BY SASHENKA PAATZ
No matter the program, location or length of the post-secondary education students are enrolled in, they have most likely never had a compulsory course on personal wealth management. Who decided that this subject was not important for young adults to learn? We could spend a long time placing the blame on various people, organizations or even the government, but that would not resolve the issue.
Instead, let’s face facts. Millennials, roughly defined as young people aged 15 to 35, make up about 27 per cent of the population in Canada, says Environics Analytics. This generation has become the largest portion of the workforce, according to Canadian Business, yet they have the least amount of knowledge on how to look after their finances.
So, here are a few simple lessons for you to help you become a wise, money-making millennial.
Lesson #1: Speaking Money’s Language
As in any subject, it is important to learn the vocabulary terms that appear in the financial world. Those who have a higher level of understanding in financial wording often show an increased ability to make good financial decisions, according to the Royal Bank of Canada (RBC).
Unfortunately, the average age at which people start seriously learning about financial terms is 26, says RBC. It is up to each individual to seek out guidance and information on things such as debt, budgeting, saving and investing in order to make financial choices. On the bright side, there is plenty of free and reliable information for those who have not yet learned. The Canadian Financial Literacy Database is a great place to start.
Lesson #2: The Money You Don’t Have
The first term you must understand is debt. Debt is money that you have used but have not earned, and therefore it must be payed back. This is something that most millennials have trouble with. It can be debilitating and scary to tackle, especially without a full-time job. To wrap your mind around your debt, you must understand what kind of debt you have. This knowledge will help you work toward paying off your debt most efficiently.
The thing is, not all debt is equal. Interest rates are the main denominator when it comes to paying off debt. For example, credit card interest is usually very high and as such, should be payed first before debts like student loans which can be tax deductible. Once you know the order in which you will pay off your debts, you can come up with a payment plan that works for you within the perimeters of a certain period of time. Just remember, the longer you take to pay off your debt, the more you will end up paying in interest.
Lesson #3: Compartmentalizing Your Money Spending
To pay off your debt efficiently, you must have a plan for how you are going to spend the money you do have. This is where budgeting comes in. A simple way to do this is to get a budgeting app such as Empower or PocketGuard. These tools will enable you to categorize how much you should spend on the basic amenities of life such as food and clothing.

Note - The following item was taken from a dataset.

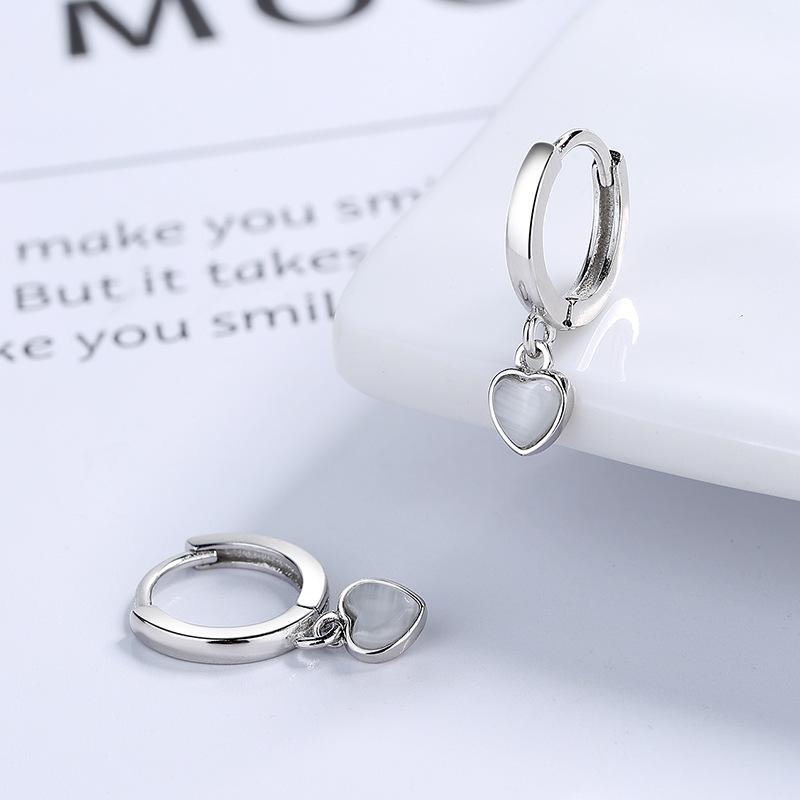 Koreanische S925 Sterling Silber Bunte Opal Herz Clip Ohrringe Für Frauen Mädchen Hochzeit Partei Schmuck Geschenk Weibliche Pendientes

It’s important to set realistic spending goals so that you will have money left over both to continue paying off your debt and to save. Most of the apps available track how much you spend in each category so that you can see where your money is going and how you need to change your habits to save more money. Though these apps can be helpful, ultimately it is up to you to decide when to spend money and what to spend it on. Do yourself a favour and get rid of your credit card until you can trust yourself to spend responsibly. Self-control is key.
Lesson #4: Set that Aside for Later
Why emphasize saving? Well, putting a portion of your money aside helps you down the road to make bigger and better purchases, as well as have financial stability. We all have short and long-term goals that require money. Maybe you’d like to own a house or a car in the future. If you already have the money to put a downpayment on these purchases, you won’t have to re-live the kind of debt you may be stuck in now.
Even if you do not have particular goals, money should always be set aside for accidents that may happen or unexpected expenses. A separate savings account should also be made for your retirement fund. It has been said that you can never start saving soon enough for your retirement, and this is more true today than it ever has been. Most companies still have an employee pension plan, but with the rise in freelance work and the gig economy, this may not be a viable option for much longer. Automatically putting a few dollars out of sight in a secure savings account every month can go a long way.
Lesson #5: Investing in the Future
Investing is similar to saving. When you invest in a company or special banking account, your money increases or decreases depending on the worth of that business or account. Though saving is more important and secure, investing can also be beneficial.
There are many different ways to invest your money, but as a student, it is most prudent to choose low-risk options. The most popular option with no risk is a tax-free savings account, according to RBC. This is money that you can make interest on, as well as avoid paying taxes for. Your money can literally work for you, instead of you working for your money.
Money management doesn’t have to be as overwhelming and complicated as it seems. In fact, it can be exciting when you begin to see your hard work paying off. It just takes a few clicks to find out how to use and optimize the money you have. This is one lesson you don’t want to forget as you approach the rest of your life.